Tokina 35mm f/2.8 Macro AT-X PRO DX - £375/$300

Incompatible with full-frame bodies, the DX-format Tokina has an effective focal length of 52.5mm on APS-C format Nikons. Because it's designed exclusively for these cameras, it's a shame that Tokina hasn't fitted an autofocus motor, which rules out autofocus completely on models such as the D3100 and D5100. For Nikon photographers, compatible cameras are limited to the likes of the D7000 and D300s.

Like the Sigma 50mm f/2.8 Macro lens, the Tokina has a relatively slow maximum aperture of f/2.8, plus a full 1.0x magnification facility, but the minimum focus distance for this is 14cm, which means the front of the lens comes to within just 15mm of the object when you shoot in full macro mode.

Sharpness and contrast are impressive, even at the largest available aperture. Autofocus is a little noisy with the screw drive of compatible cameras, but is reasonably quick nonetheless. The nine-blade diaphragm also helps to deliver a fairly pleasing bokeh. Like its macro Sigma cousin, however, the lens feels like a poor compromise between fast prime and macro.

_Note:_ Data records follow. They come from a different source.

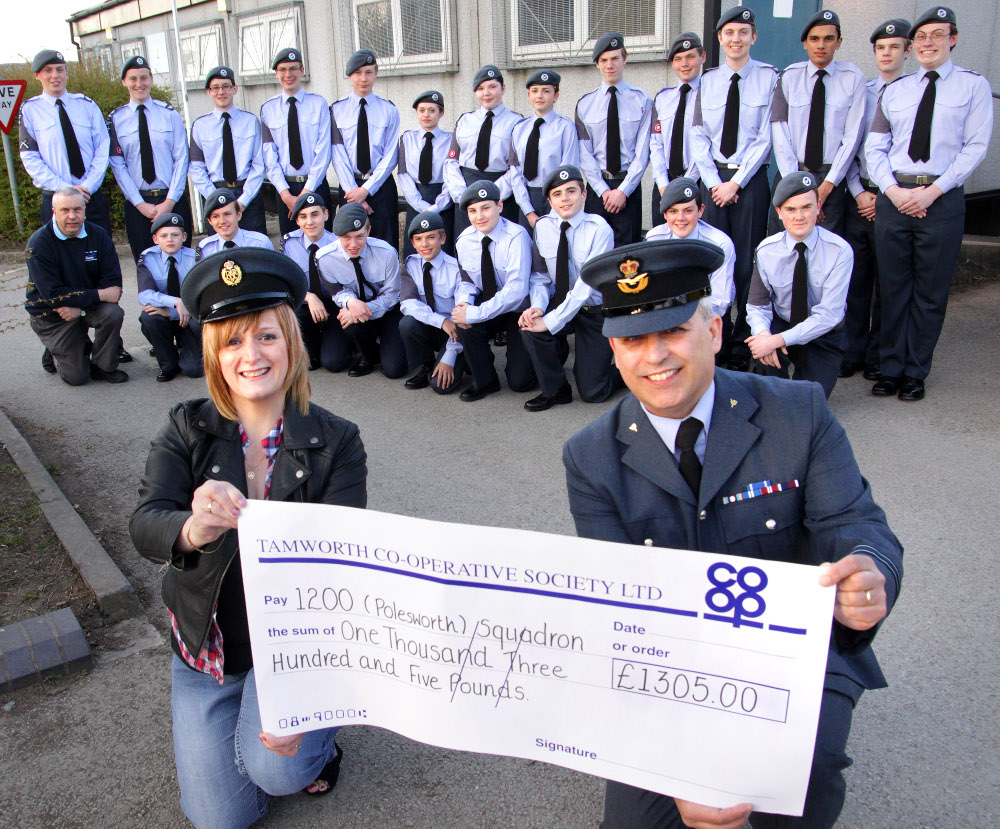 Tamworth Co-op helps Polesworth ATC to reach new heights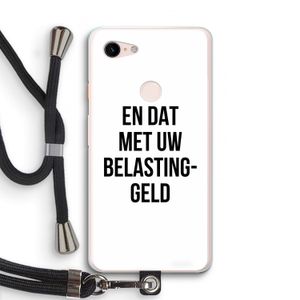 Belastinggeld: Pixel 3 XL Transparant Hoesje met koord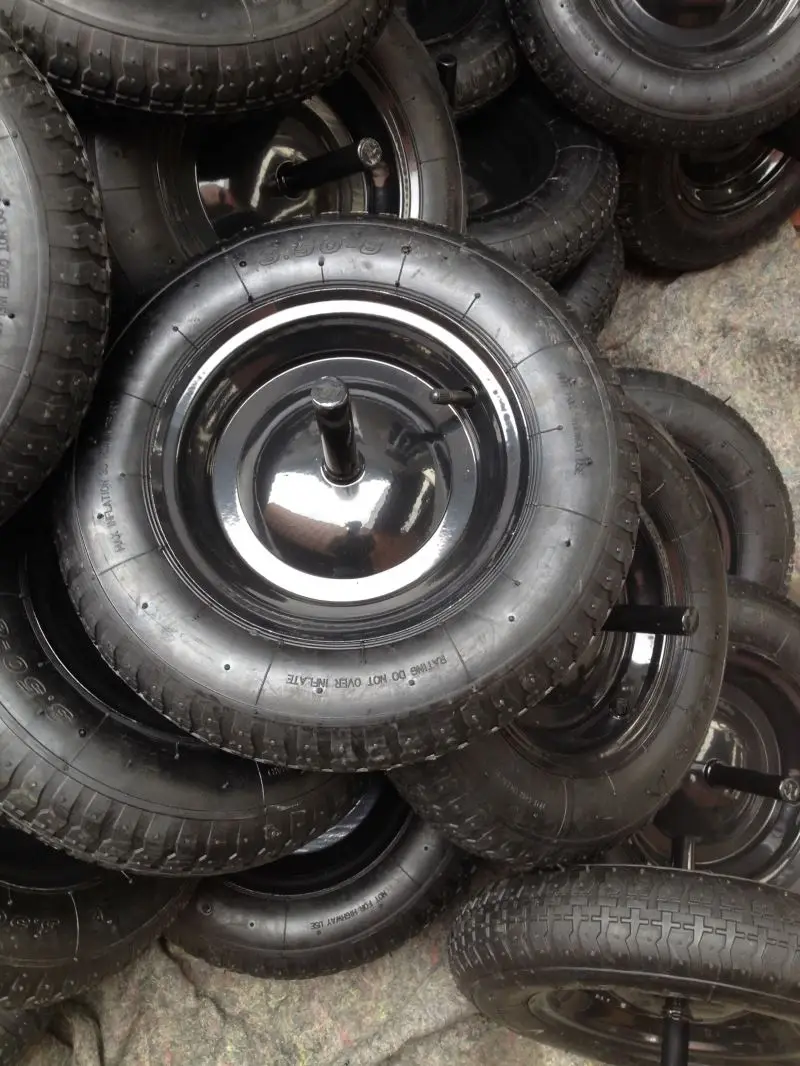 Best quality pneumatic air rubber wheel caster tyre wheelbarrow wheel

Best prime lenses for Nikons: 8 tested

Contrast and sharpness are great even at the largest available aperture, albeit a relatively pedestrian f/2.8.

Lab test
Sharpness at f/2.8: 1795
Sharpness at f/8: 1779
Sharpness at f/16: 1645


Best prime lenses for Nikons: 8 tested

Colour fringing is noticeable towards the corners of the frame, especially at large aperture settings.

Lab test
Fringing at f/2.8: 0.37
Fringing at f/8: 0.28
Fringing at f/16: 0.21


Best prime lenses for Nikons: 8 tested

There's a bit of barrel distortion but it's reasonably well contained and not normally a problem.

Distortion: -0.6

Image test verdict

Best prime lenses for Nikons: 8 tested

There's not much wrong with the Tokina's image quality but we'd still prefer a larger aperture than the less-than-useful 1.0x magnification.